- **PROBLEM DETAILS**: Could you report every line from the entries that includes the word "Blue"?

- **MATERIAL SHOWN**:

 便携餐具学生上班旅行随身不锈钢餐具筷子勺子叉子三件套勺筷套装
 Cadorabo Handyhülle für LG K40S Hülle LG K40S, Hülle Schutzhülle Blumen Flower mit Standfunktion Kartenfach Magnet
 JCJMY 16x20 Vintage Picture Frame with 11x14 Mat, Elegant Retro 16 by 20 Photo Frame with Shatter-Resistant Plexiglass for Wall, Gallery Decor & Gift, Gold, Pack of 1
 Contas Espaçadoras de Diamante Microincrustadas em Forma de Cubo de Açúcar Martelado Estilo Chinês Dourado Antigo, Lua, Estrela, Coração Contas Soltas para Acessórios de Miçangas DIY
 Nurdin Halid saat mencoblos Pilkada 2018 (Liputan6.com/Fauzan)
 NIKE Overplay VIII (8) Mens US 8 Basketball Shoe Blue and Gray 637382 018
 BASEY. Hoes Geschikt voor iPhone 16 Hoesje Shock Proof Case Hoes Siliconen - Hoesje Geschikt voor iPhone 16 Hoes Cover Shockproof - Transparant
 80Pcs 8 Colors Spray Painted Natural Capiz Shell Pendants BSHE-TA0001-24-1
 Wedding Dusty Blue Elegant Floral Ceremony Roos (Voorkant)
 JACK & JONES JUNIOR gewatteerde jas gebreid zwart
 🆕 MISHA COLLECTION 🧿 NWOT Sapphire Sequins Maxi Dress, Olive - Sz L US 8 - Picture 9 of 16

- **WORKED SOLUTION**:
 NIKE Overplay VIII (8) Mens US 8 Basketball Shoe Blue and Gray 637382 018
 Wedding Dusty Blue Elegant Floral Ceremony Roos (Voorkant)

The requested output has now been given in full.